* [TASK]:
Each record is to be printed again exactly, though not its pictures.

* [DATA EXTRACTS]:
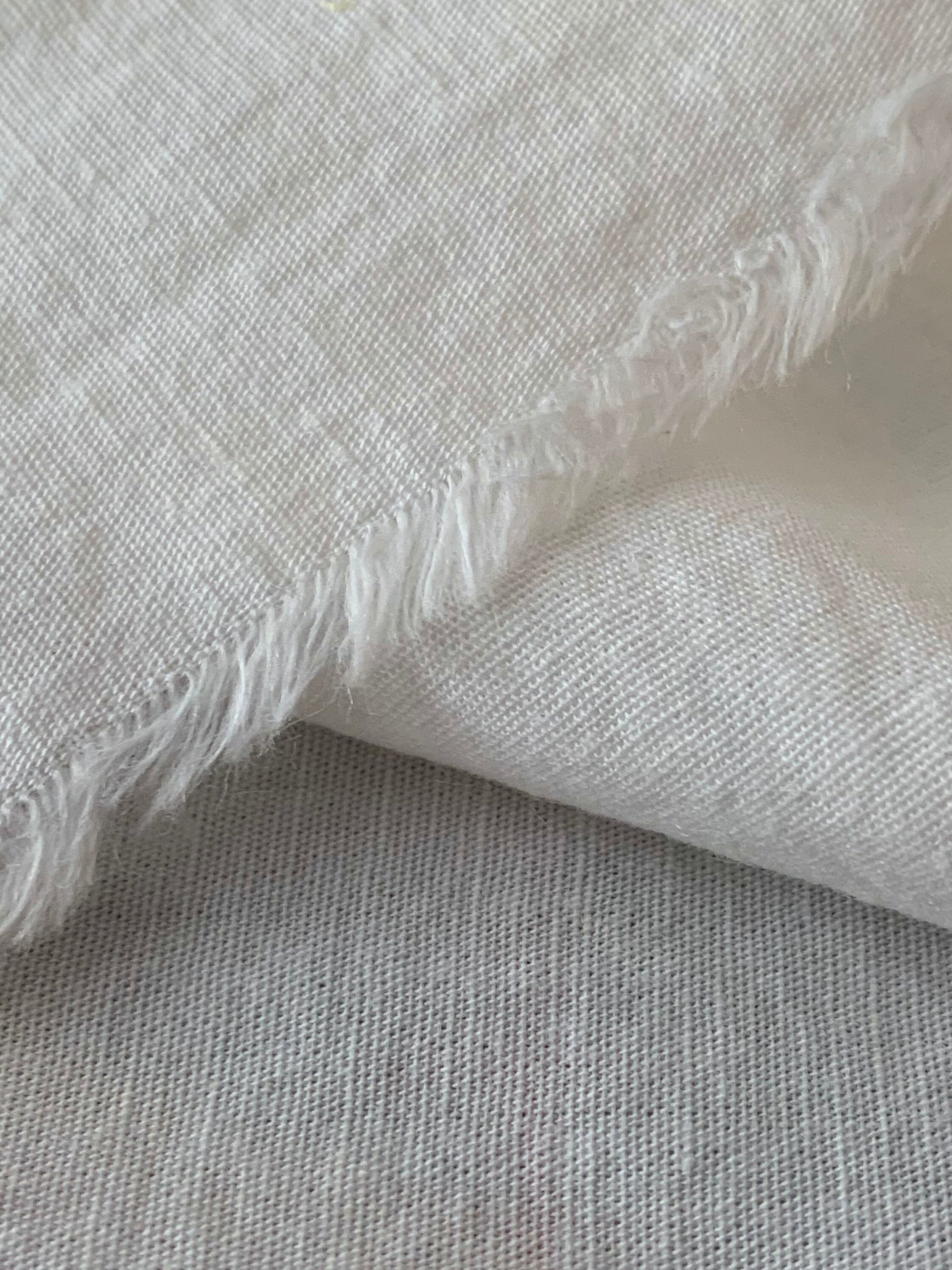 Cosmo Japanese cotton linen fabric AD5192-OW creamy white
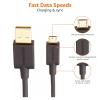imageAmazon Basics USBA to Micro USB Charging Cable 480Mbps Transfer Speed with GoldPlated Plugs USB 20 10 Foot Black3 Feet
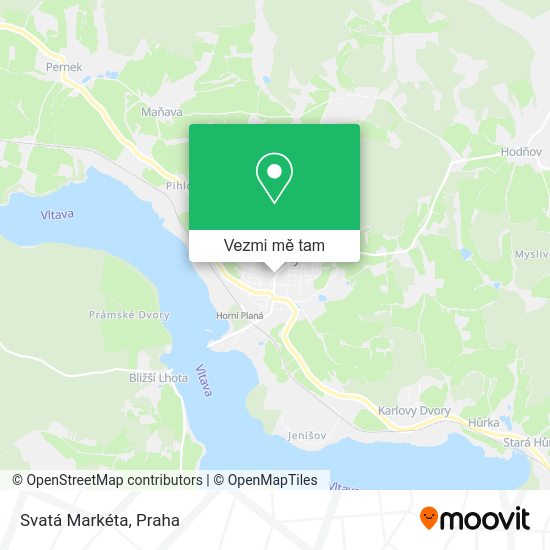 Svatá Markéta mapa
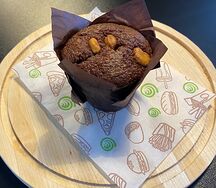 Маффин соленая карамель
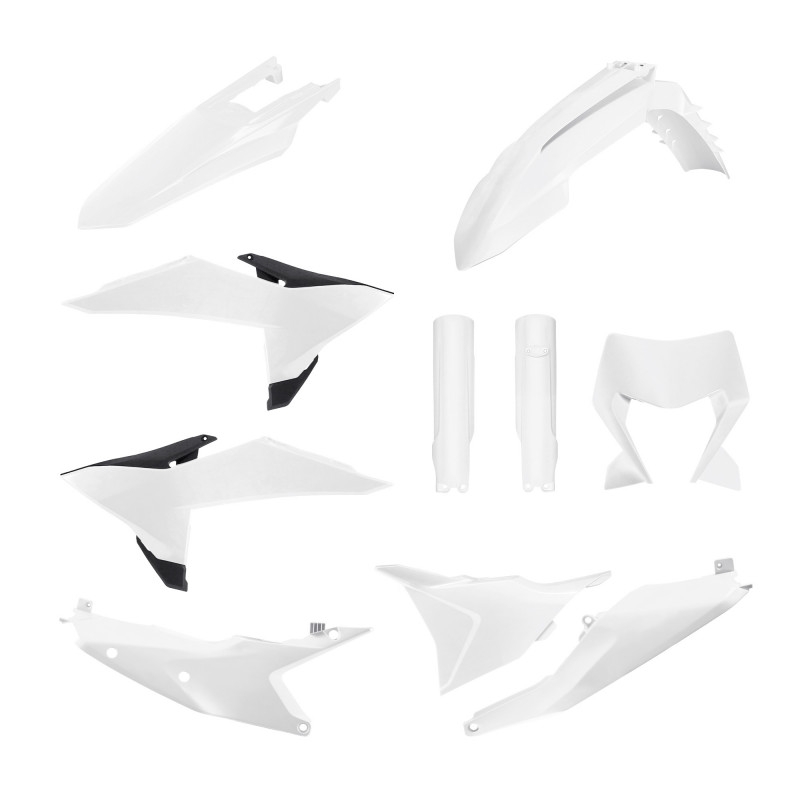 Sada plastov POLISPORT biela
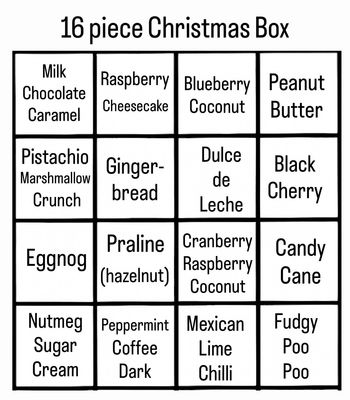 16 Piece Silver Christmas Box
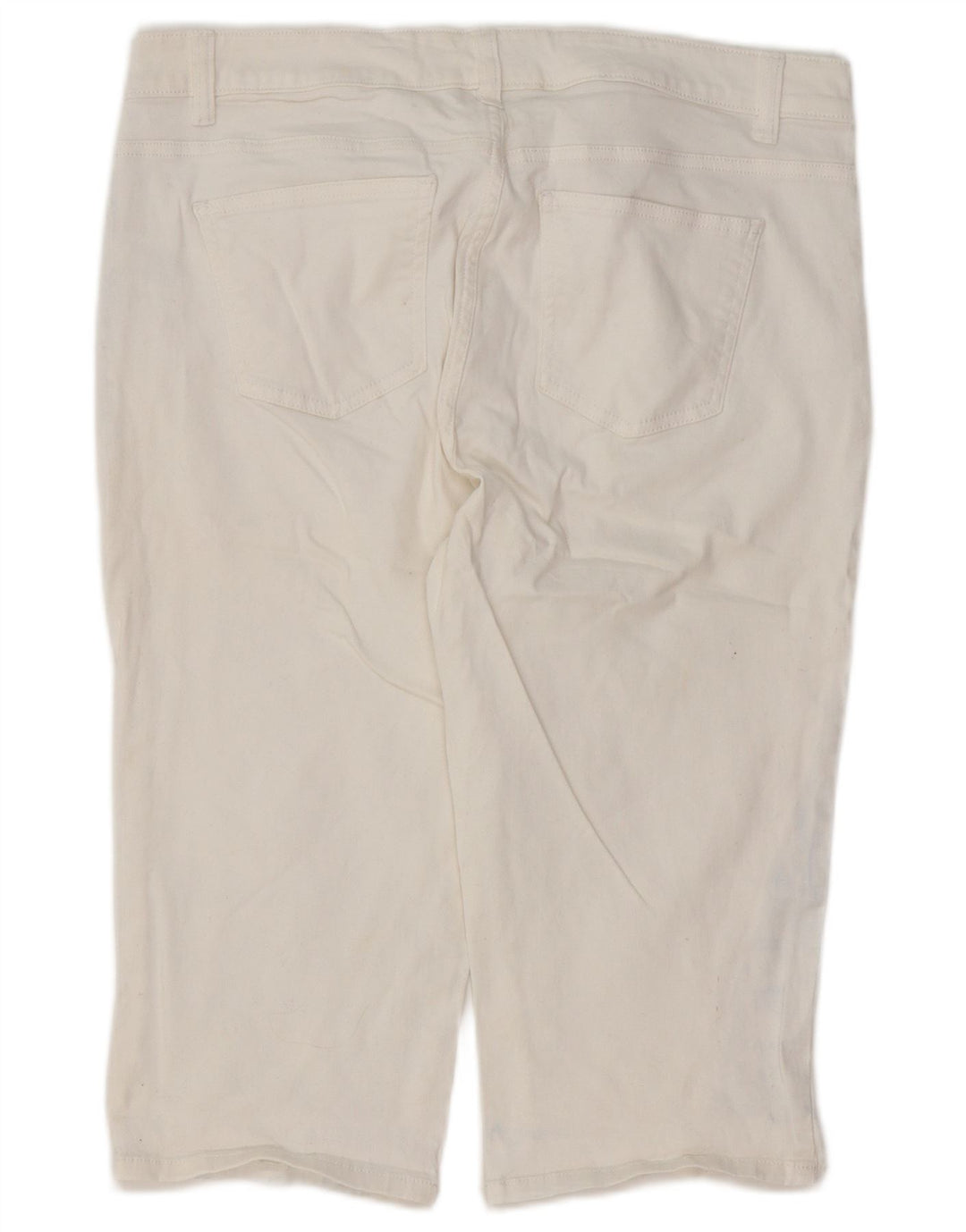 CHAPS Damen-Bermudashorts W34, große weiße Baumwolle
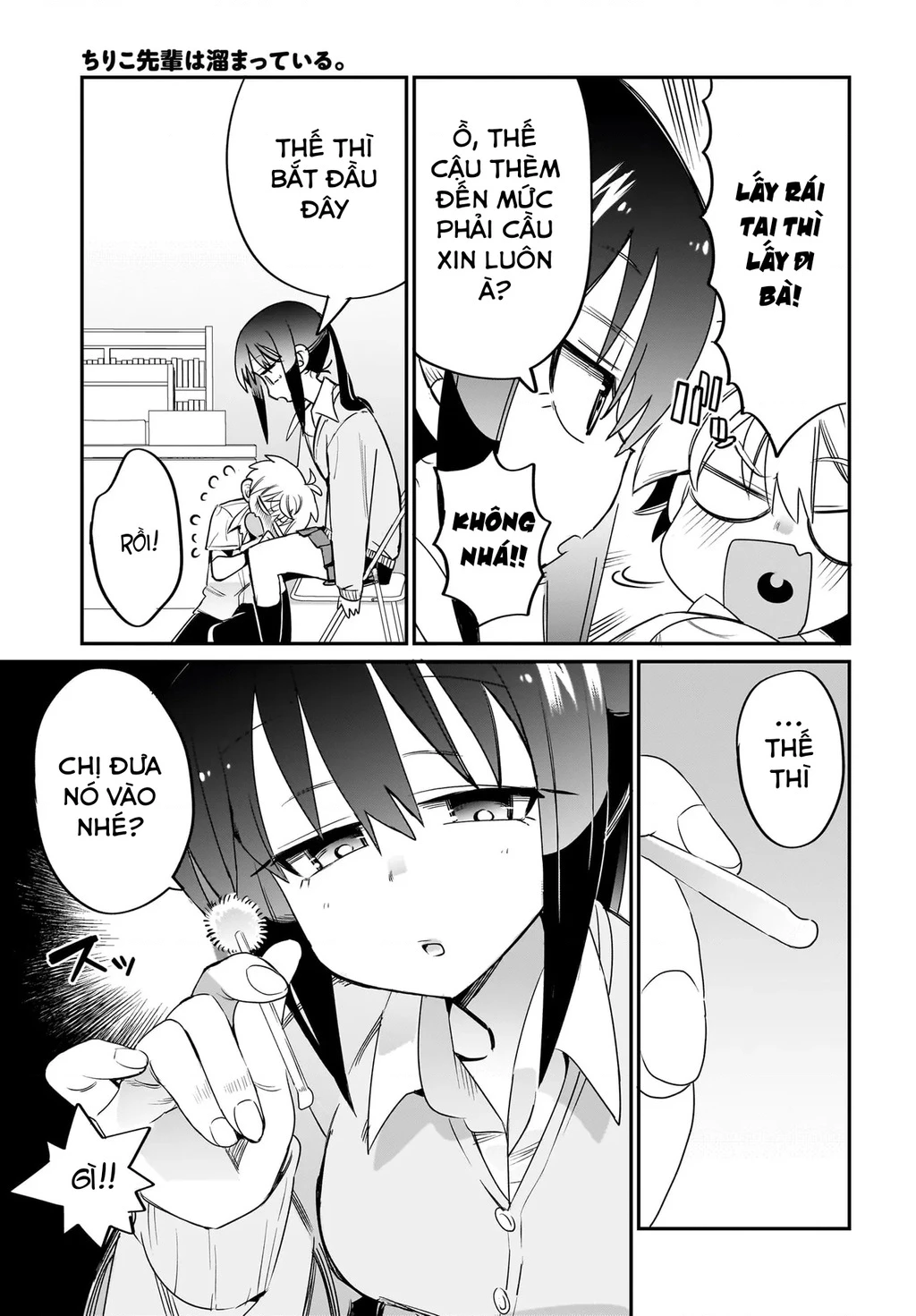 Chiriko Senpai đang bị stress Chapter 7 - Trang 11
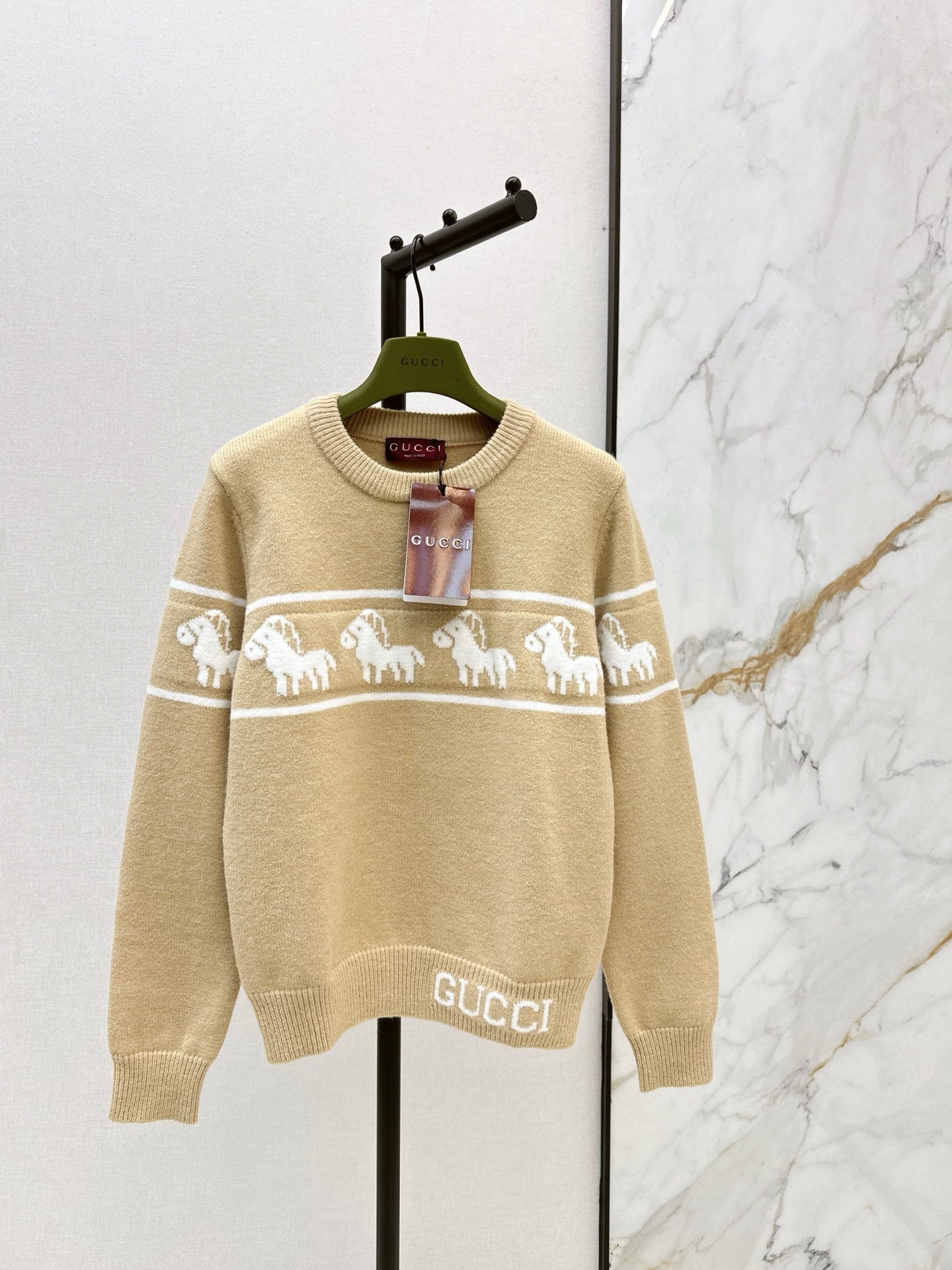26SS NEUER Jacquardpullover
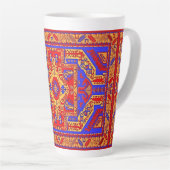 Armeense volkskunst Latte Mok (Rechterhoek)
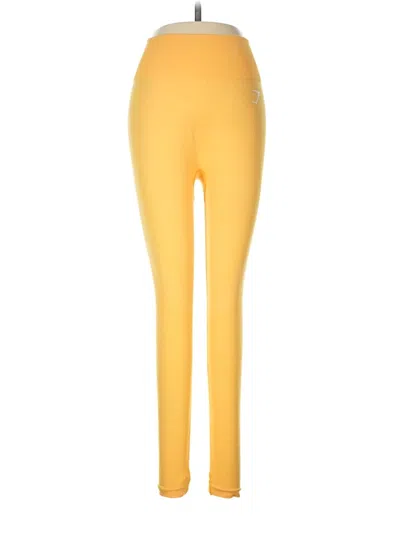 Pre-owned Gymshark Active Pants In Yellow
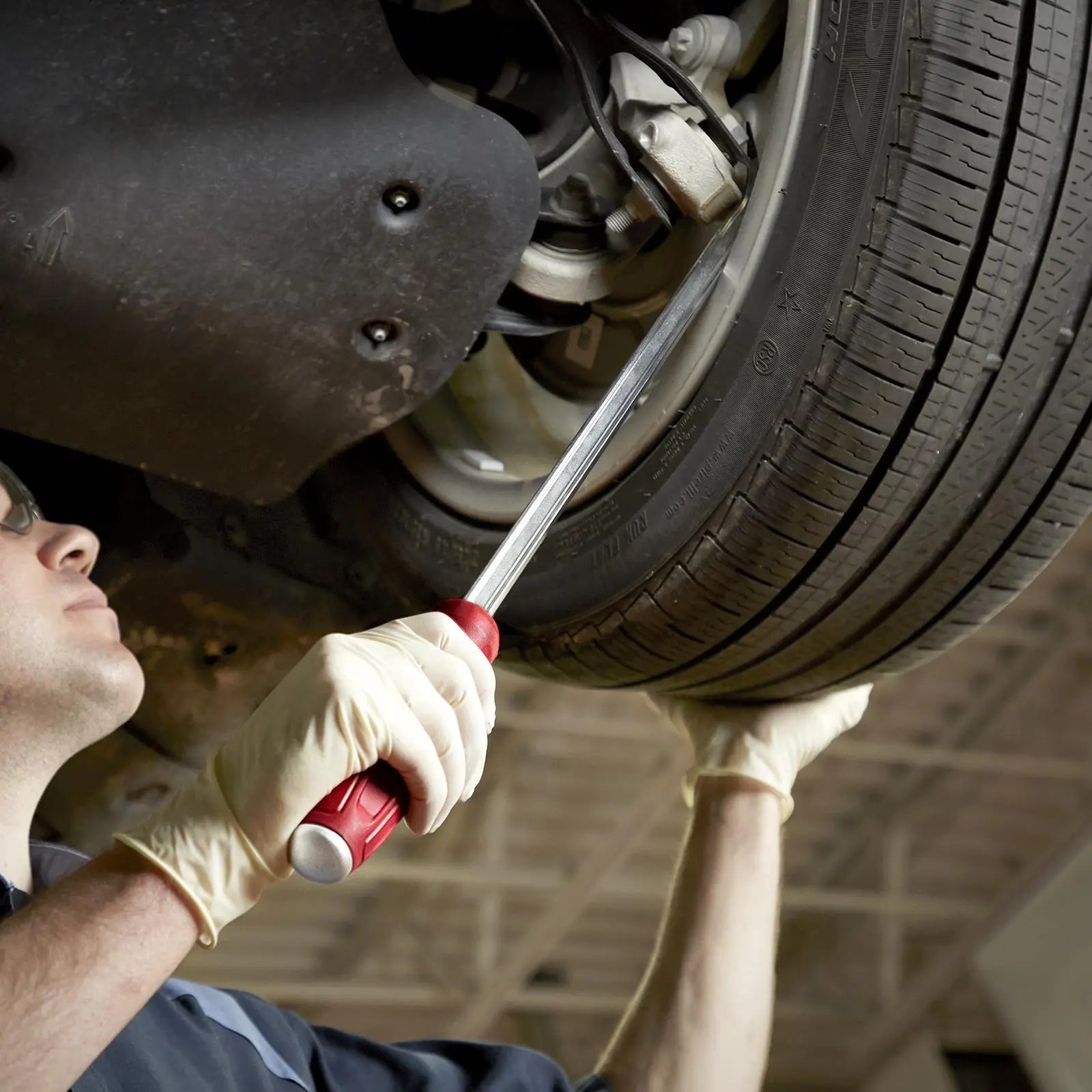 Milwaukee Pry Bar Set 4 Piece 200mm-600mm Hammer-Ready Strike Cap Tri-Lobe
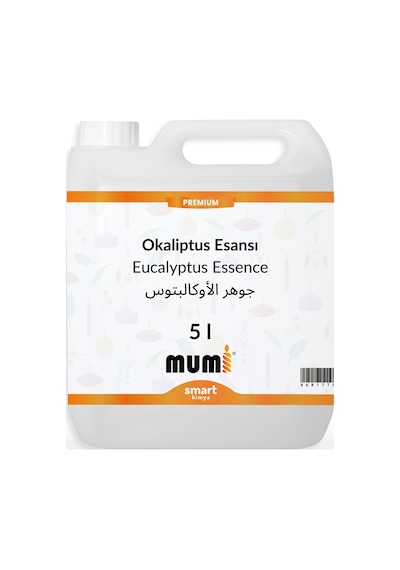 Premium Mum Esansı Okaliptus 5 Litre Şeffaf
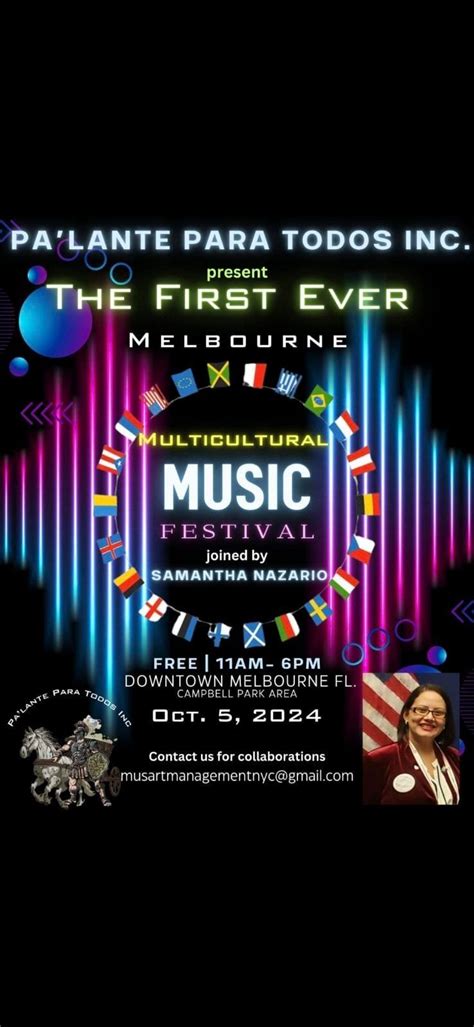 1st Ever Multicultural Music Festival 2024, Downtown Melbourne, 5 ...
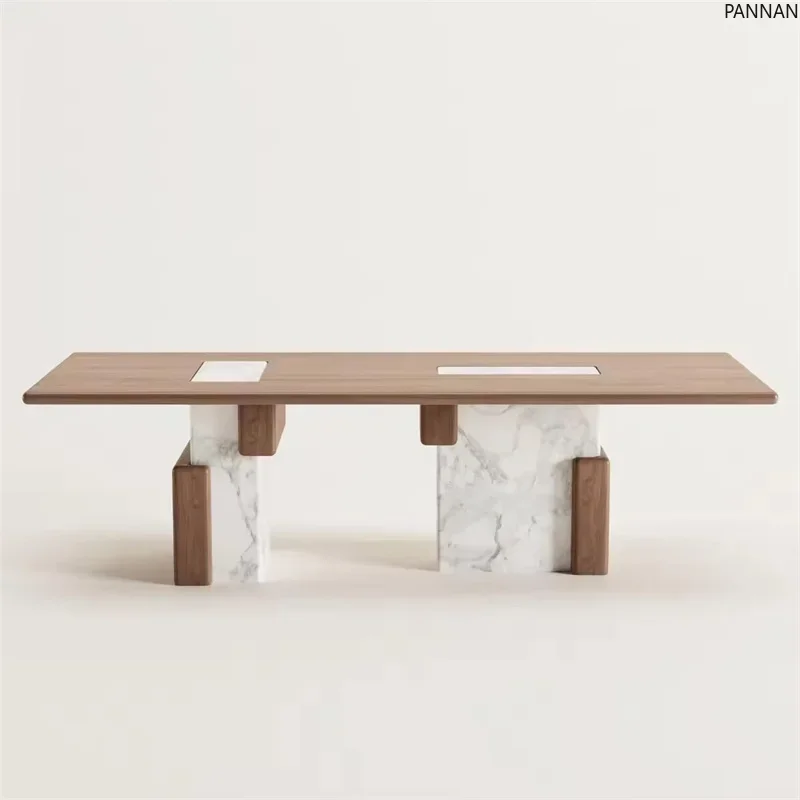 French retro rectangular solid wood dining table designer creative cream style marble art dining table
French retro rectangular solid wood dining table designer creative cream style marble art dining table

* [SOLUTION FOR THIS PROBLEM]:
 Cosmo Japanese cotton linen fabric AD5192-OW creamy white
imageAmazon Basics USBA to Micro USB Charging Cable 480Mbps Transfer Speed with GoldPlated Plugs USB 20 10 Foot Black3 Feet
 Svatá Markéta mapa
 Маффин соленая карамель
 Sada plastov POLISPORT biela
 16 Piece Silver Christmas Box
 CHAPS Damen-Bermudashorts W34, große weiße Baumwolle
 Chiriko Senpai đang bị stress Chapter 7 - Trang 11
26SS NEUER Jacquardpullover
 Armeense volkskunst Latte Mok (Rechterhoek)
 Pre-owned Gymshark Active Pants In Yellow
 Milwaukee Pry Bar Set 4 Piece 200mm-600mm Hammer-Ready Strike Cap Tri-Lobe
 Premium Mum Esansı Okaliptus 5 Litre Şeffaf
 1st Ever Multicultural Music Festival 2024, Downtown Melbourne, 5 ...
 French retro rectangular solid wood dining table designer creative cream style marble art dining table
French retro rectangular solid wood dining table designer creative cream style marble art dining table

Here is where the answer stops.